Zudem begehrte der Betreibende auch die Bewilligung der Pfändung von Ansprüchen und Forderungen aus Lebensversicherungsverträgen im künftig eintretenden Erlebensfalle. Die Pfändung künftiger Forderungen ist jedoch, außer es handelt sich erkennbar um bedingte oder betagte Forderungen, nicht zulässig. Dies ist so zu behandeln wie der Fall, in dem dem Exekutionsantrag eindeutig zu entnehmen ist, dass erst künftig entstehende Forderungen gepfändet werden sollen (3 Ob 2021/96v). Dem Exekutionsantrag muss zu entnehmen sein, dass das Vertragsverhältnis, aus welchem die zu pfändenden Forderungen gebühren sollen, bereits entstanden ist (Oberhammer in Angst, EO, § 294 Rz 2). Auch die im Exekutionsantrag angeführte Anzahl von Versicherern (21) und Banken (15) erhärtet die Auffassung der zweiten Instanz, dass der Betreibende eine Exekutionsführung bloß auf Verdacht, „auf gut Glück", anstrebt. Seine Begründung im Rechtsmittel, dass die Angabe aller großen österreichischen Versicherungen und Banken zur Erreichung des Sicherstellungszweckes geboten sei, lässt erkennen, dass er nicht weiß, bei welchem, wenn es denn überhaupt so ist („angebliche Forderungen"), der angeführten Drittschuldner der Verpflichtete Verträge abgeschlossen hat, geschweige denn, welche allenfalls bestehenden Forderungen in Exekution gezogen werden sollen. Dem Bestimmtheitsgebot wird damit nicht entsprochen.

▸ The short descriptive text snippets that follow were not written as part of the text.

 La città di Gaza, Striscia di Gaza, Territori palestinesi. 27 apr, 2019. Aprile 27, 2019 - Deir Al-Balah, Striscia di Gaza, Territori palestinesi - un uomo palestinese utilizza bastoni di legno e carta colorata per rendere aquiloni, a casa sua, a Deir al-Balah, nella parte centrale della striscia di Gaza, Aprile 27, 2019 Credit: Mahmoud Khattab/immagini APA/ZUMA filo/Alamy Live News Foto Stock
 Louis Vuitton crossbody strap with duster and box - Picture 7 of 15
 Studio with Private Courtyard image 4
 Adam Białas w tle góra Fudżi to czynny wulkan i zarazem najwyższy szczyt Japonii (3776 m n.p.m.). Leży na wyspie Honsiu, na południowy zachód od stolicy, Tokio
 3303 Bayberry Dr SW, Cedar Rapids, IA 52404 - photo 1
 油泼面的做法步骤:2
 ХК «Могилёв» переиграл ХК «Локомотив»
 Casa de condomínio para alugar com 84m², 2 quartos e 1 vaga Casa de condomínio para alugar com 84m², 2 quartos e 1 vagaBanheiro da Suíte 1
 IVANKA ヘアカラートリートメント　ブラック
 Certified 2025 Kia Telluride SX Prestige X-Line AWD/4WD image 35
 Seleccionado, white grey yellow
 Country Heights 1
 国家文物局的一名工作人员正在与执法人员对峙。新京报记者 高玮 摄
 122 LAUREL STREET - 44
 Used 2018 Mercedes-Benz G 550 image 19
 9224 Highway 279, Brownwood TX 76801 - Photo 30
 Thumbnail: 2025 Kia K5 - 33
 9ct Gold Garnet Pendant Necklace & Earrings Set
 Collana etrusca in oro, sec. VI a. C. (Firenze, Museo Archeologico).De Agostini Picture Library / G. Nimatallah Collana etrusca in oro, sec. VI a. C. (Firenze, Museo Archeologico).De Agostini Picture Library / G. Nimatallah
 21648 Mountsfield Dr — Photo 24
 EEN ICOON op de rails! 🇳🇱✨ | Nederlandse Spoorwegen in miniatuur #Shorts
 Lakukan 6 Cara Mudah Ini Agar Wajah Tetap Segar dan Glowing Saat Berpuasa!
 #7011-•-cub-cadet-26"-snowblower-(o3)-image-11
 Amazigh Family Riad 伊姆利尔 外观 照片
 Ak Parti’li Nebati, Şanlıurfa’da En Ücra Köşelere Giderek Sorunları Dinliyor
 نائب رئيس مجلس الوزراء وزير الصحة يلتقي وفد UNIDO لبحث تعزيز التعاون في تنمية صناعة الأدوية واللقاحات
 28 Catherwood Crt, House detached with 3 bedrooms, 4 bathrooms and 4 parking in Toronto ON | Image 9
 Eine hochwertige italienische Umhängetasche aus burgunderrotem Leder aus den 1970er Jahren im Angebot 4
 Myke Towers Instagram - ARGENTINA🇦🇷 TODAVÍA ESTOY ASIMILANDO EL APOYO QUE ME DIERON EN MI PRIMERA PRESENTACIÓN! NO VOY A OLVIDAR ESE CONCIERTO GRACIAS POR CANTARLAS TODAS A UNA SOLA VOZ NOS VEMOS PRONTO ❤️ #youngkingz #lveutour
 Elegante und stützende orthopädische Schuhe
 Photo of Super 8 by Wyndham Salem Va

b) Der Exekutionsantrag musste iSd § 54 Abs 3 EO idFd EO-Novelle 1995 (vgl. dazu Resch in Burgstaller/Deixler-Hübner, EO, § 294 Rz 12) nicht zur Verbesserung zurückgestellt werden, weil schon nach dem Vorbringen des Betreibenden dieser nicht weiß, ob es vertragliche Beziehungen des Verpflichteten zu den Drittschuldnern („... Annahme ...") gibt noch, ob überhaupt Forderungen des Verpflichteten aus allfälligen vertraglichen Beziehungen gegen einen oder mehrere der behaupteten Drittschuldner bestehen.

Erhebliche Rechtsfragen stellen sich aus diesen Erwägungen und wegen der Einzelfallbezogenheit nicht. Der Revisionsrekurs ist zurückzuweisen.